Deboche
com o Brasil
*Por
Plácido Fernandes Vieira
A decisão de Toffoli, Gilmar e Lewandowski de pôr
em liberdade José Dirceu – condenado a mais de 30 anos de prisão – se
fundamenta numa mentira: a de que a Constituição brasileira estabelece que
alguém só pode ser considerado culpado e preso após o STF examinar o último
recurso possível. Ou seja: nunca. Por quê? Porque as possibilidades de apelação
no arcabouço jurídico brasileiro são infindáveis. Só Luiz Estevão, por exemplo,
já lançou mão de 37. E Lula deve estar perto de bater o recorde do empresário brasiliense.
E por que a decisão do trio se baseia numa falsa
premissa?

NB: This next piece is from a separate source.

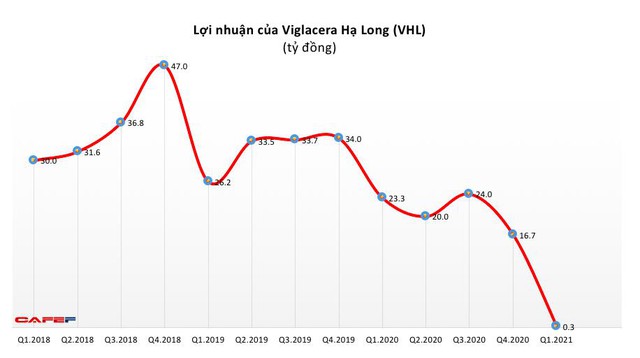 Viglacera Hạ Long (VHL): Quý 1 lãi vỏn vẹn 280 triệu đồng – thấp nhất kể từ năm 2012 - Ảnh 1.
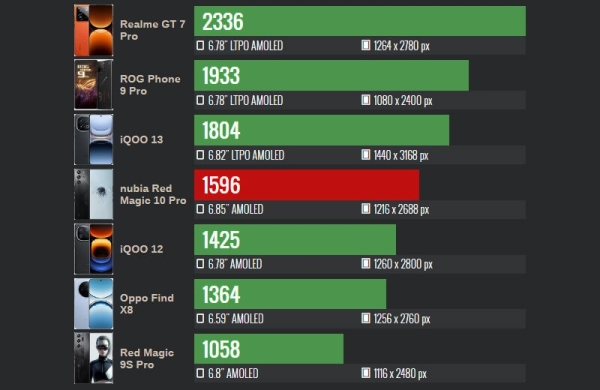Обзор ZTE Nubia RedMagic 10 Pro: топового смартфона для геймеров по приемлемой цене Обзор ZTE Nubia RedMagic 10 Pro: топового смартфона для геймеров по приемлемой цене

Porque, no mínimo, eles fazem uma leitura equivocada do inciso LVII
do artigo 5º da Constituição. Lá está escrito: “Ninguém será considerado
culpado até o trânsito em julgado de ação penal condenatória”. Releia e veja
que o texto não trata de prisão. Essa questão é abordada, de forma claríssima,
no inciso LXI, do mesmo artigo 5º, que dispõe: “Ninguém será preso senão em
flagrante delito ou por ordem escrita e fundamentada de autoridade judiciária
competente, salvo nos casos de transgressão militar ou crime propriamente
militar, definidos em lei.”
Em geral, uma condenação transita em julgado após
sentença confirmada em dois graus de jurisdição. E o que quer dizer isso? Que
passou pela primeira e pela segunda instância da Justiça. É esse o entendimento
hoje do STF. E é o óbvio. Afinal, nem o STJ nem o STF julgam ação penal contra
cidadãos sem foro privilegiado. Logo, o processo se conclui na segunda
instância. Ninguém precisa de “notório saber jurídico” para saber disso. Basta
ser alfabetizado. Nos EUA e na França, por exemplo, um réu já vai pra cadeia
logo após condenado em primeira instância.
Com a soltura do petista, Toffoli, Gilmar e
Lewandowski passam para a sociedade, que sustenta o Judiciário mais caro do
planeta, o recado de que o crime no Brasil compensa. E mais que isso: que
criminosos ricos e poderosos jamais voltarão a ser punidos. A decisão é um
pontapé no traseiro de quem ousou acreditar em Justiça no país depois de ver a
Lava-Jato pôr atrás das grades, um a um, os participantes do maior esquema de
corrupção da história do país.
Ao libertar Dirceu, é como se o STF determinasse
que juízes de primeira e segunda instância são inúteis e não merecem confiança.
Mais que isso: que bandido de colarinho branco não pode nem deve ser preso, a
menos que o STF assim o decida. Afinal, eles são ou não são supremos?